İlk altı ayın yapısı

1. Ay: kapsam ve varlık envanteri

Sertifikanın kapsamını net çiz — hangi iş birimi, hangi lokasyon, hangi hizmet? Ardından tüm bilgi varlıklarını listeleyin: uygulamalar, veritabanları, bulut kiracıları, yetki sistemleri, fiziksel ortamlar. Bu liste, geri kalan işin temeli.

2-3. Ay: risk analizi

Her varlık için hangi tehditlere açık olduğunu ve hangi kontrollerin zaten var olduğunu işleyin. Yüzlerce varlıkta risk skoru üretmek için iyi bir matris şarttır. Tek başına Excel sürüklememek için modern GRC araçları kullanın; ama Excel'in varlığını da küçümsemeyin.

4-5. Ay: kontrollerin uygulanması

ISO 27001 Annex A'daki 93 kontrolün hangileri kapsamınız için geçerli, bunu Statement of Applicability (SOA) dokümanında gerekçeli yazın. Uygulanacakları bir sahip atayın.
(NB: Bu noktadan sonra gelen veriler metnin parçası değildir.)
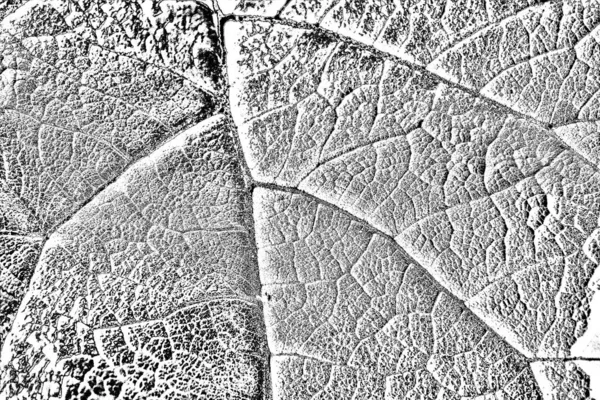 抽象的な背景 モノクロームの質感 黒と白の質感の背景 — ストック写真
Her kontrolün ölçülebilir bir kanıtı olmalı — erişim logu, yedek test raporu, farkındalık eğitim katılım listesi.

6. Ay: iç denetim ve pre-audit

Dış denetime girmeden önce kendi iç denetiminizi yapın. Bu, soğuk bir gözle sisteminize bakmaktır. İç denetçi kurum içi başka bir ekipten veya dışarıdan tarafsız bir danışmandan olabilir. Bulguları çoktan kapatmış olarak dış denetime girerseniz başarı oranı çok yüksektir.